## ENTRIES SHOWN:
========

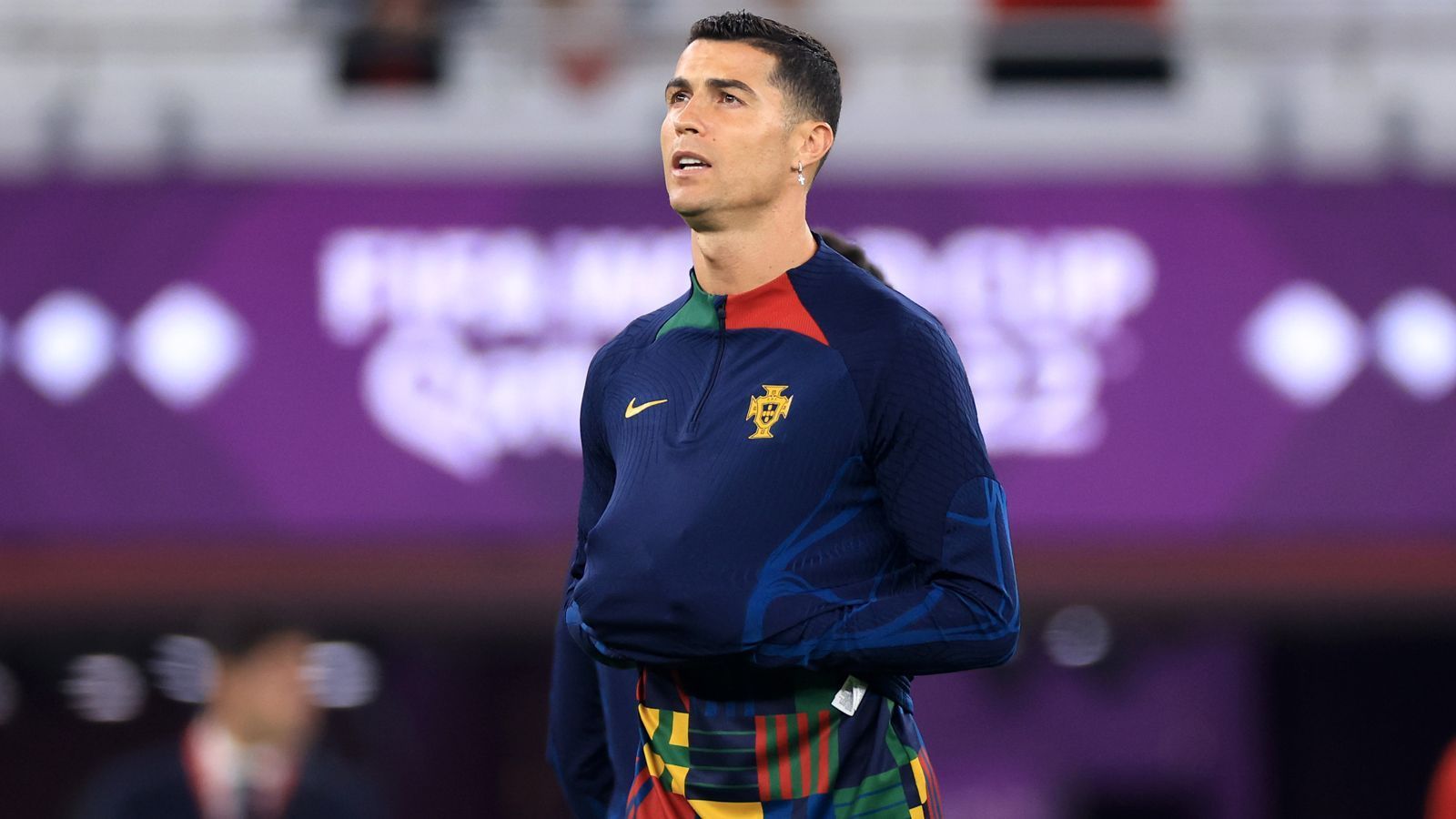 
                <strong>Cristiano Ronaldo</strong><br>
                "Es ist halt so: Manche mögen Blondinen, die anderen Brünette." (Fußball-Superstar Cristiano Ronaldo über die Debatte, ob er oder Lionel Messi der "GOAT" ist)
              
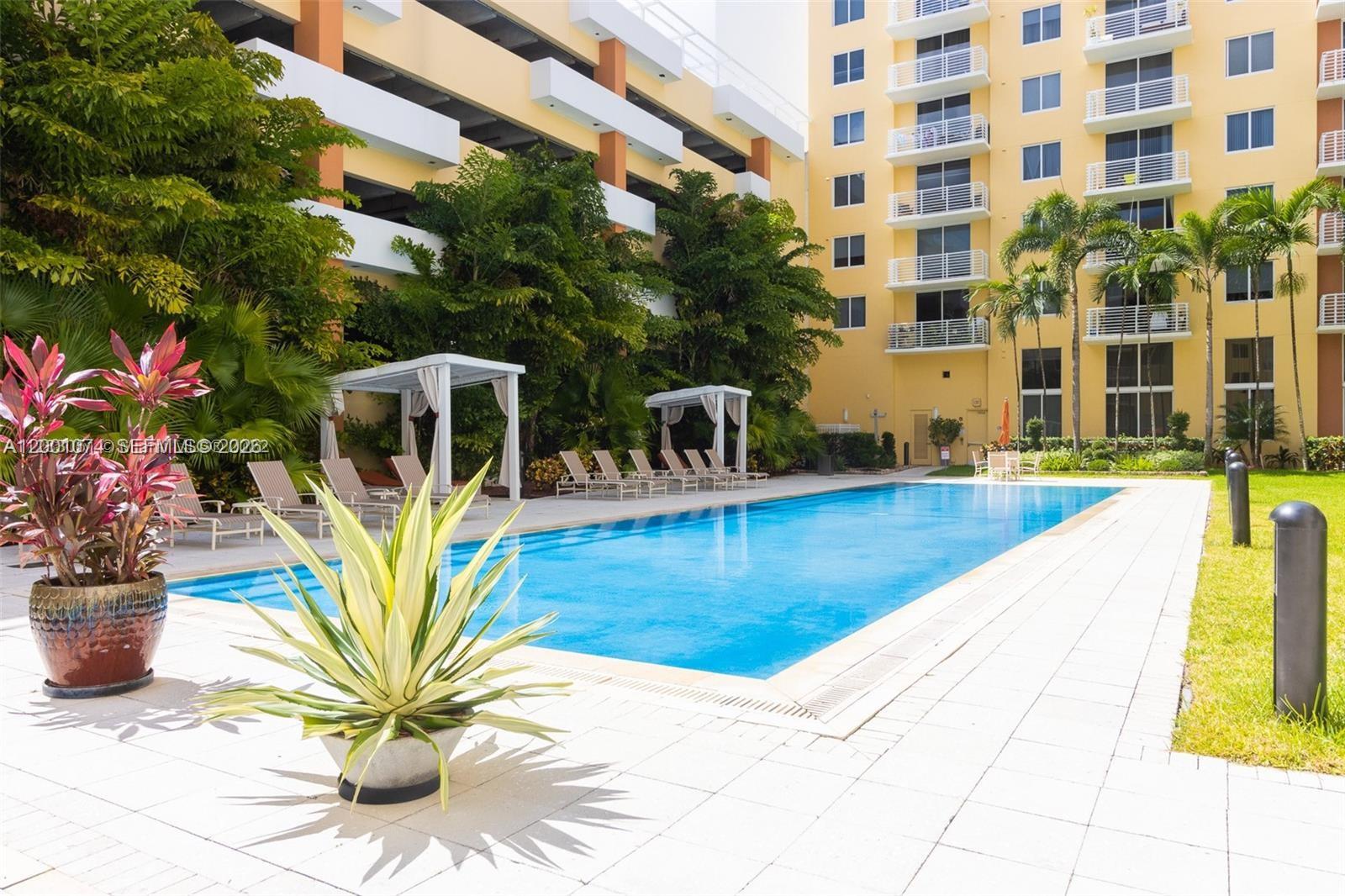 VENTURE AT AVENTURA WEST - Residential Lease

========

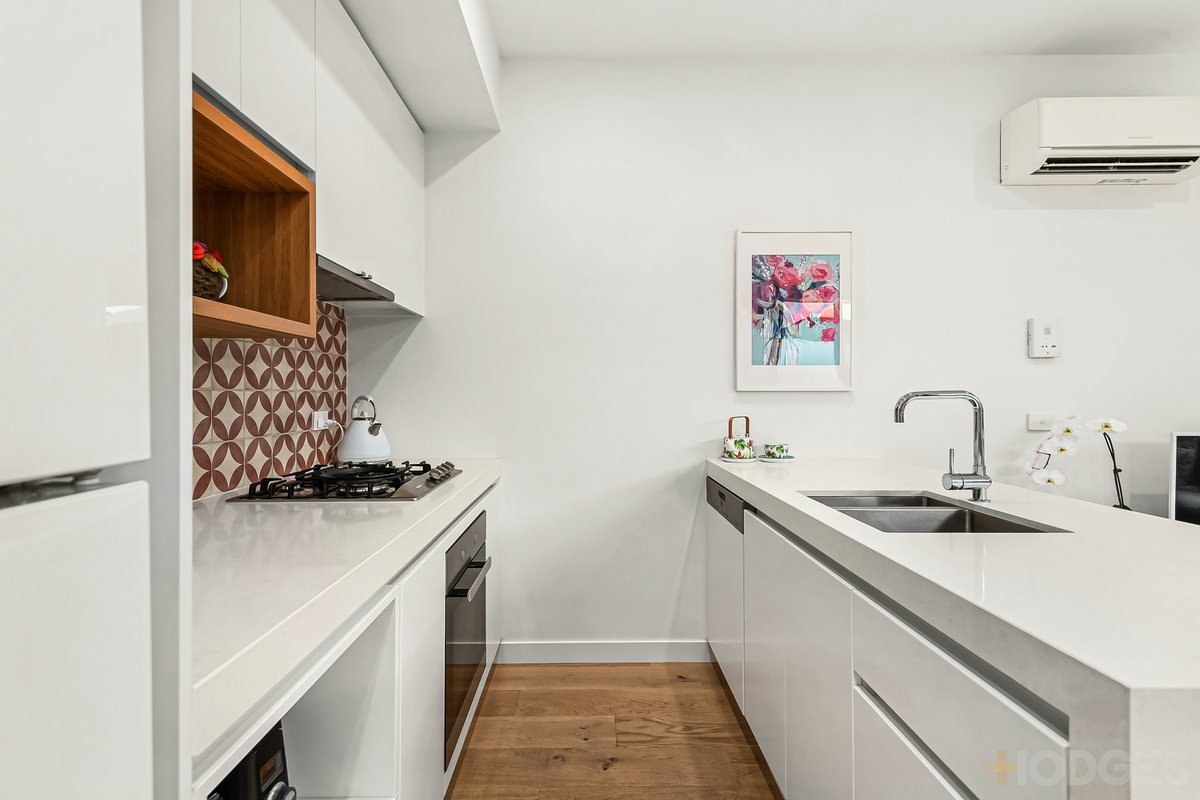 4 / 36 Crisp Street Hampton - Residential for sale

========

## DIRECTIONS FOR THIS TASK:
Above are the records; return the lines in them from the one with "<strong>Cristiano Ronaldo</strong><br>" to the one with "VENTURE AT AVENTURA WEST - Residential Lease", inclusive, exactly and without images.

## OUTPUT:
                <strong>Cristiano Ronaldo</strong><br>
                "Es ist halt so: Manche mögen Blondinen, die anderen Brünette." (Fußball-Superstar Cristiano Ronaldo über die Debatte, ob er oder Lionel Messi der "GOAT" ist)
              
 VENTURE AT AVENTURA WEST - Residential Lease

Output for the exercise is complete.